=== Section Start ===
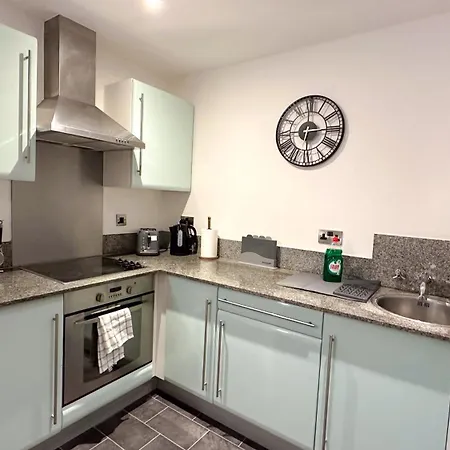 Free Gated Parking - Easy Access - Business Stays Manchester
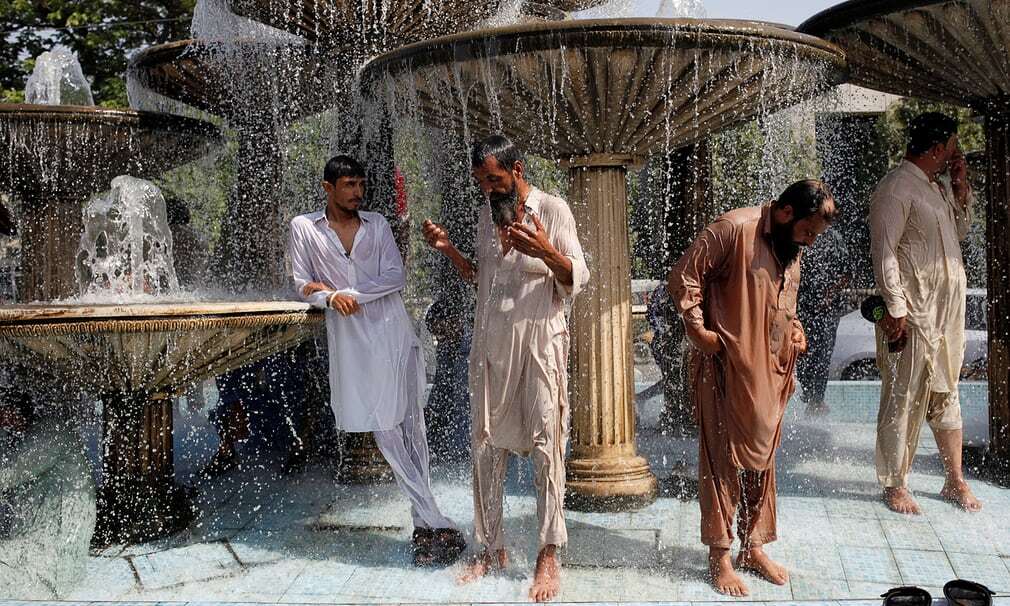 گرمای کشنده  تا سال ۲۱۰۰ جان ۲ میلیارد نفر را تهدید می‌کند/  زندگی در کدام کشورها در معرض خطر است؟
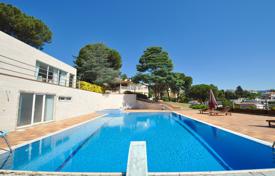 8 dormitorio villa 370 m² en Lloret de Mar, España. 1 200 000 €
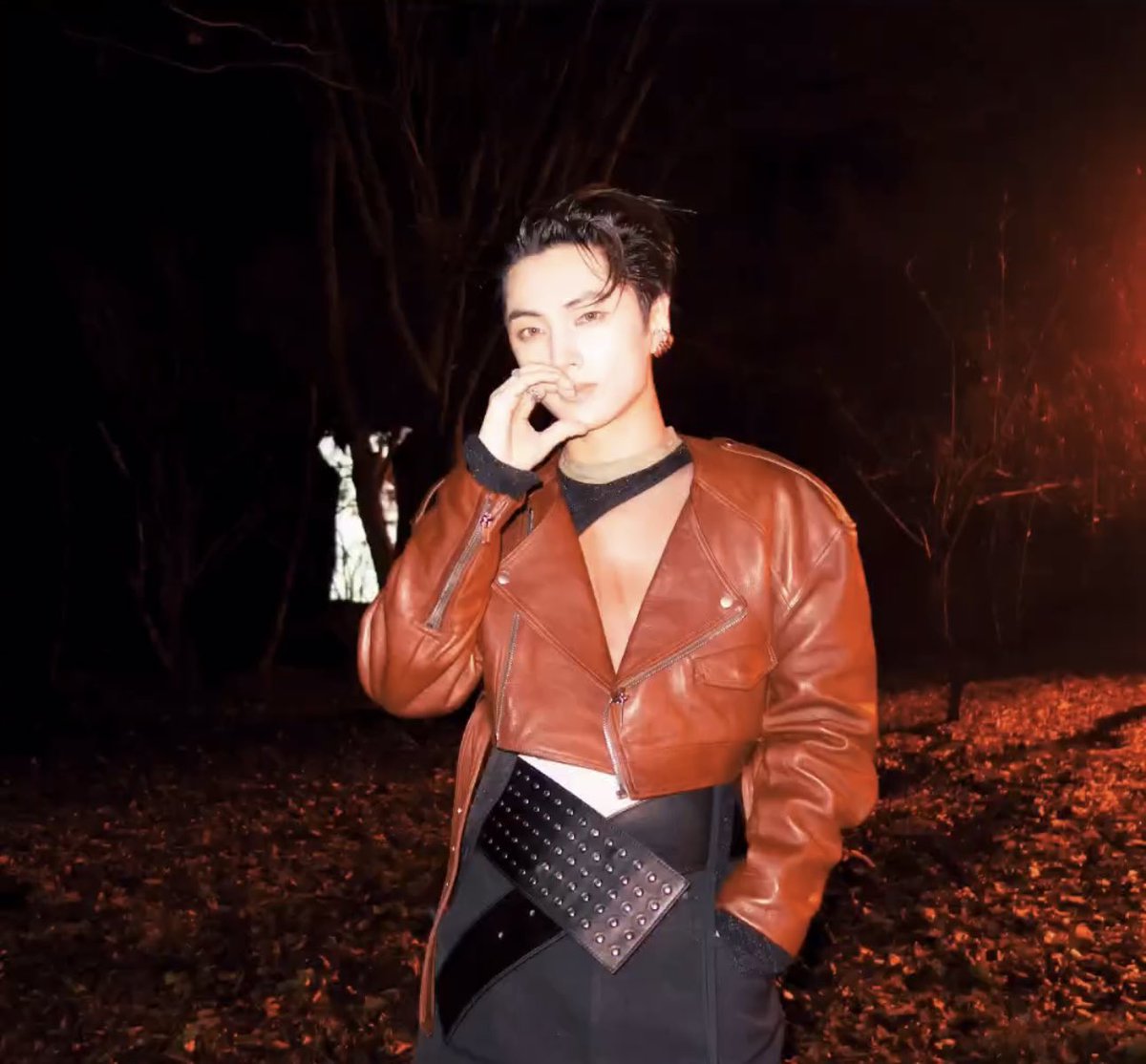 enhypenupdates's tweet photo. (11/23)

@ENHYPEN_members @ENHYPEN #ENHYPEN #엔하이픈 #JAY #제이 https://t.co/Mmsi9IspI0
=== Section End ===
* [ASSIGNMENT] Nothing but the lines from the one with "معرض خطر است؟" through the last line of the material above should appear in the answer, each copied exactly, with no pictures.

* [WORKED SOLUTION]
 گرمای کشنده  تا سال ۲۱۰۰ جان ۲ میلیارد نفر را تهدید می‌کند/  زندگی در کدام کشورها در معرض خطر است؟
 8 dormitorio villa 370 m² en Lloret de Mar, España. 1 200 000 €
 enhypenupdates's tweet photo. (11/23)

@ENHYPEN_members @ENHYPEN #ENHYPEN #엔하이픈 #JAY #제이 https://t.co/Mmsi9IspI0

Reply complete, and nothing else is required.